Beşiktaş bu sezon asla şampiyon olmayı hak eden bir takım olamadı.

Sn. Mustafa Denizli’yi dinlerken büyük bir şaşkınlık ve Beşiktaş adına üzüntü yaşadığımı burada söylemek istiyorum. Hocamın hakemler için söylediklerine gönülden katılıyorum; geçen hafta da bu maçta da hakemler oyunun önüne geçtiler. Hakemler sezon başından bu yana kötüler ve yıllardır bizler hakemleri yanlış tarafından tartıştığımız ve kararlarında hep kasıt aradığımız için bugün hakem hatasını konuşmak yanlış görülüyor. Oysa neyin içinde olursak olalım onu özgürce tartıştığımızda ve bunu doğru tarafından yaptığımızda gelişim için katkı sağlarız. Sn. Mustafa Hocam geçen sene de kendi lehlerine yapılan ve Beşiktaş’a önemli avantaj sağlayan hakem hatalarını, sezon sonunda dahi konuşabilmiş olsaydı, bugün herkes onu dinlerdi. Ama kaybedilen maç sonunda üstelik çok kötü bir kadro seçimiyle sahaya çıkan, kötü futbol oynayan bir takımın teknik direktörüyseniz bu cümleleri sarf ettiğinizde çok fazla dinlenmezsiniz.
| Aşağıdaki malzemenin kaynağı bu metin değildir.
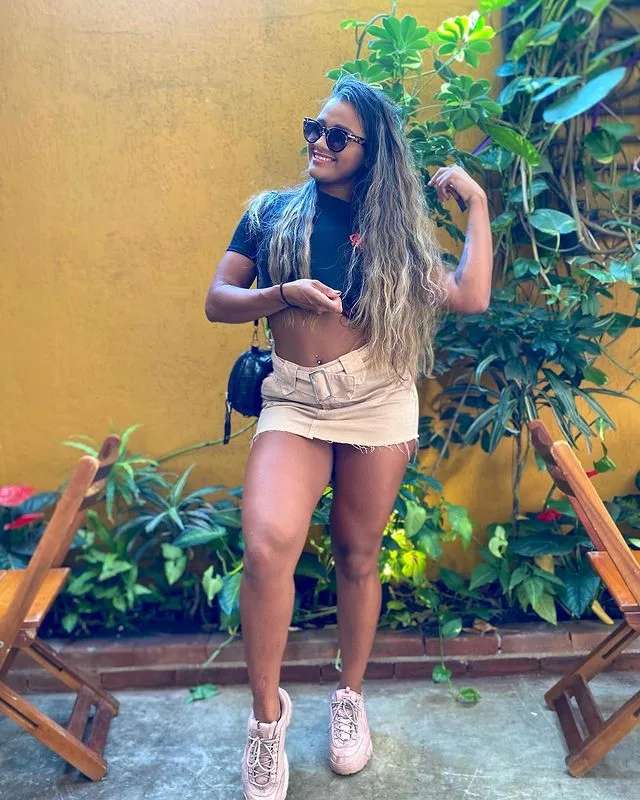 Stephanie Candido photo 12 — Brown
Beşiktaş sadece bu maçta değil, sezon başından beri teknik anlamda kötüydü. Bunun tek sorumlusu da kuşkusuz Yıldırım Demirören değil, Mustafa Denizli’ydi. Sezon boyunca Bursaspor ve Eskişehirspor maçları dışında futbol oynayan bir takım hiç görmedik. Sadece iyi defans yapan bir takım olarak izledik Beşiktaş’ı.

Sn. Denizli’nin maç sonunda “Fenerbahçe’nin gol yedikten sonra düştüğü zafiyeti biliyorduk, taktiğimizi de ona göre yapmıştık” şeklindeki açıklamaları da sevgili hocamızın sezon boyu yaptığı şeyin itirafı niteliğindeydi. Üstelik aynı yorumu Ferrari de yapınca bunun bütün takıma sinmiş bir yanlışlık olduğunu fark ettik.

Mustafa Denizli’nin milli takımın başındayken aldığı Hollanda ve Almanya galibiyetleriyle, Fenerbahçe’nin başındayken “0” çektiği Şampiyonlar Ligi ön eleme maçındaki Rangers maçındaki taktikleri de zaten farklı değildi.

Fenerbahçe’ye futbol oynamayı unutturan teknik anlayışının bu sezon Beşiktaş’ta ortaya nasıl çıktığını hep beraber izledik. Geçen seneyi iki kupa ile kapatan ve bunu büyük ayrıcalık olarak ilan eden bir Beşiktaş nasıl olur da çıktığı bütün maçları rakibin oyun düzenine göre kurar? Bunu anlamak mümkün değil.

Kuşkusuz maç öncesinde de Beşiktaş’ın bu zafiyeti üzerine “acaba bir fark olur mu?” diye de sormuştuk.

Fenerbahçe’nin Güiza gibi değil de Baros tarzında bir santraforu olmuş olsaydı; Mustafa Denizli hakemleri değil ortaya çıkan tarihi farkı anlatmak için futbolda böyle şeylerin olduğunu ikna etmeye çalışırdı, futbol kamuoyuna.

“Hakemlik yürek ister” ama biz bu sezon teknik adamlığın da yürekli olmaktan geçtiğini gördük.

Bütün bunları Fenerbahçe’nin iyi futbol oynadığı için yazmıyorum. Ancak Fenerbahçe ile Beşiktaş’ı birbirinden ayıran çok önemli bir fark var; kendi oyunlarını oynama anlayışı.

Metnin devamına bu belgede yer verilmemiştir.